Israel was legally created out of the dismemberment of the Ottoman Empire at the end of World War I. The area was desolate – desert and swamp – with some small towns and a few inhabitants, many of them nomads.
The inhabitants, if they thought about it at all, considered themselves Syrians. The legitimacy of Israel arises from the Balfour Declaration issued by the British, who were given the mandate over the area by the League of Nations. Jews have lived in the country since Biblical times. The Arabs from the surrounding areas were lured to “Palestine” by the industry and prosperity that the Jews brought to the region. Envy, hatred, and religious fanaticism turned the Arabs against the Jews. In bloody outrages, horrible massacres, killings and rapes, the Arabs tried to dislodge the Jews, but were unable to do so.
In 1947, the British, having tired of the trouble and the bloodshed, resigned their mandate.

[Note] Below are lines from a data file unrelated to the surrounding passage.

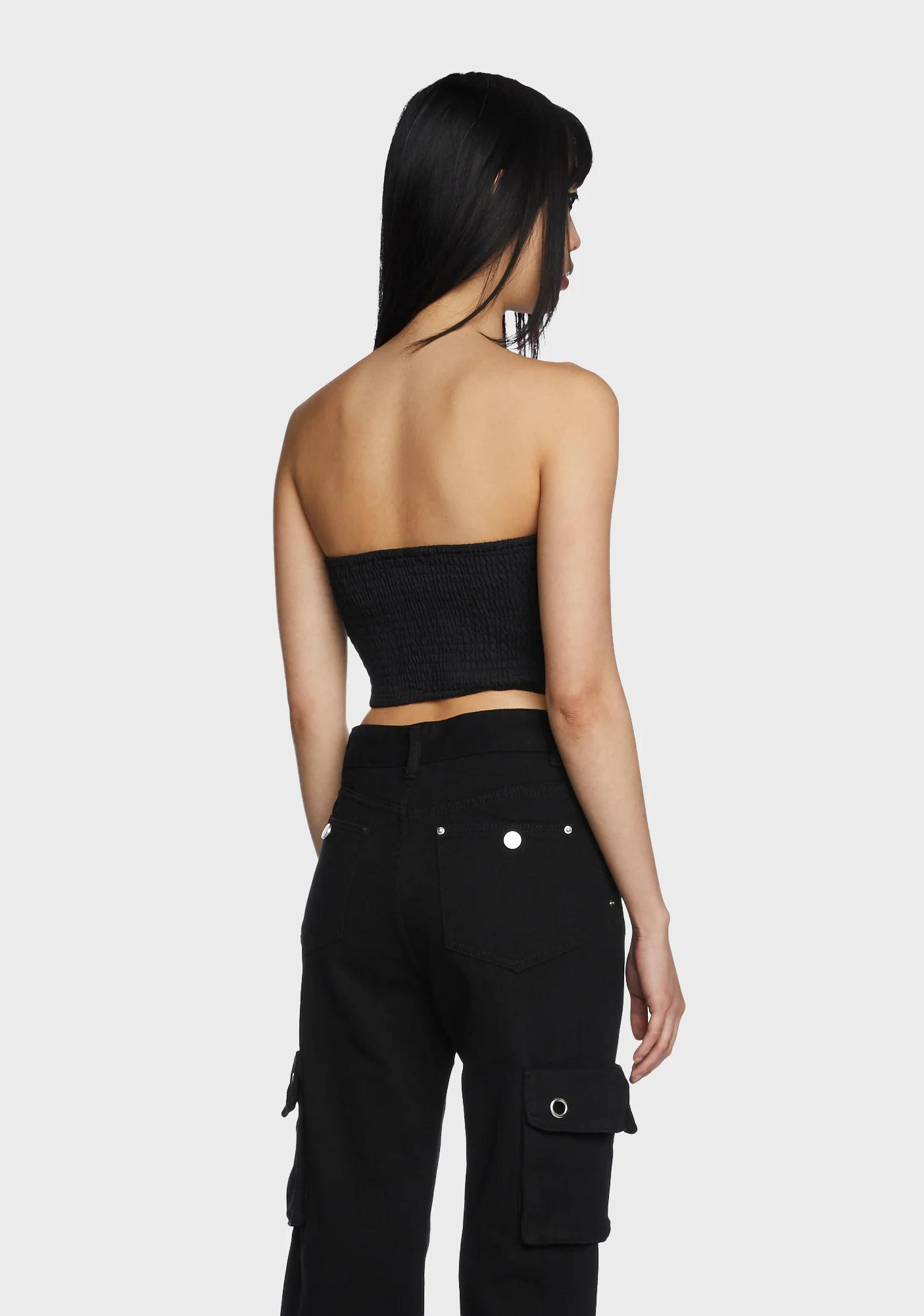 Subway Surfer Tube Top - Black - Image 3
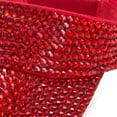 thumbnail image 5 of Bling Rhinestones Sport Hats Adjustable Summer Cap Visor Caps Unisex, 5 of 6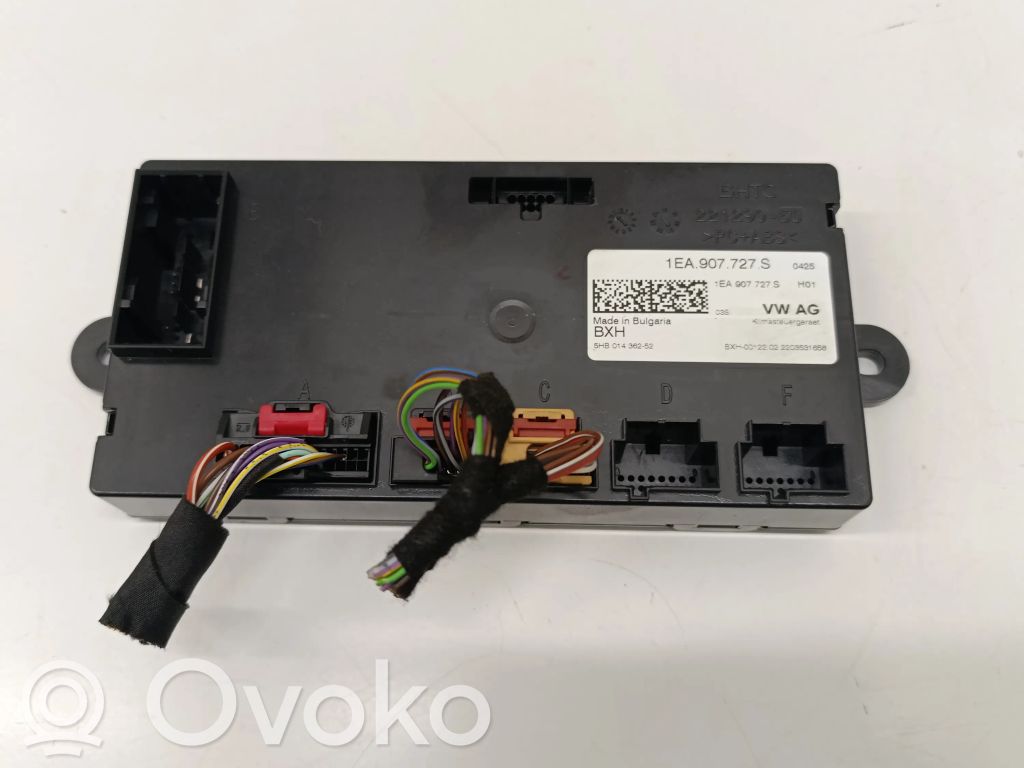 Skoda Enyaq iV Air conditioning/heating control unit 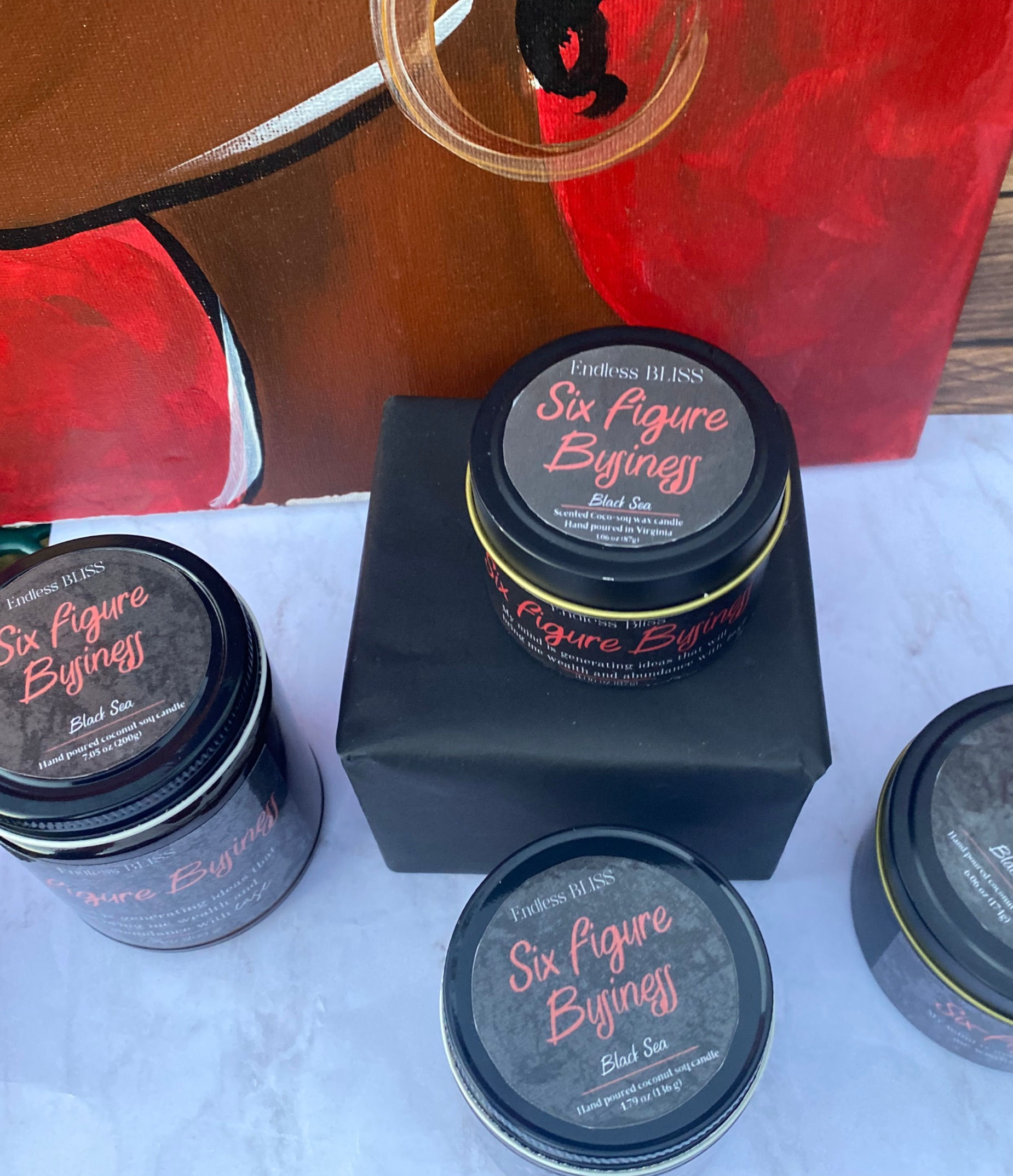 Six Figure Business | Black Sea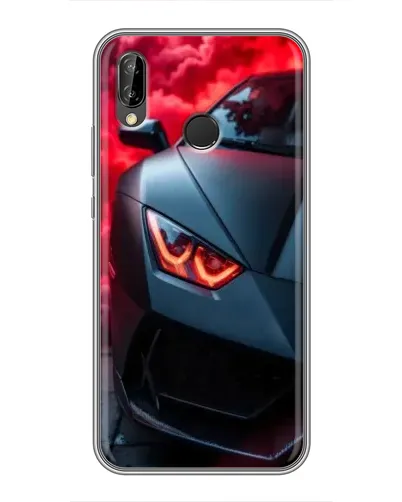 Чехол для Huawei P Smart Plus (Nova 3i, INE-LX1) с картинкой «Lamborghini красное сияние» Чехол для Huawei P Smart Plus (Nova 3i, INE-LX1) с картинкой «Lamborghini красное сияние»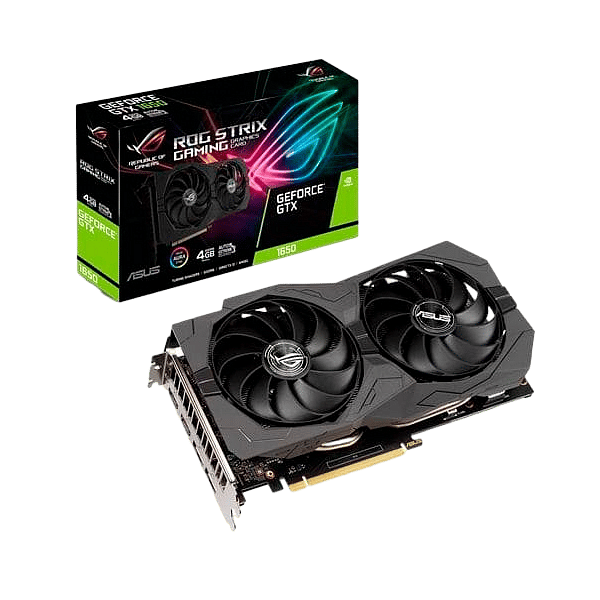 Asus ROG Strix GeForce GTX1650 4GB GDDR6  Gráfica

That same year, the United Nations mandated partitioning of the territory. The Jews, though disappointed, accepted the partition. The Arabs rejected it out of hand and launched war against Israel. The armies of five Arab countries invaded the nascent state. Following the exhortations of the invaders, the Arab residents got out of the way hoping to return after victory was attained. They could then reclaim their property and that of the Jews, all of whom would have been killed or would have fled. That and that alone is the source of the Arab “refugee problem.”
Had the Arabs accepted the UN partition plan, there would now have been a state of “Palestine” for the last 58 years. They might have attained a similar level of prosperity, advancement, and development as Israel, which, small though it is, is today in almost every regard one of the world’s most advanced countries.
They might even had deserved the right to be called "palestinian".
It is instructive to read the Palestine National Charter of 1964. Here are some excerpts:
Article 16: ...the people of Palestine, desiring to befriend all nations
which love freedom, justice, and peace, look forward to their support in
restoring the legitimate situation to Palestine, ... and [in] enabling its
people to exercise national sovereignty and freedom.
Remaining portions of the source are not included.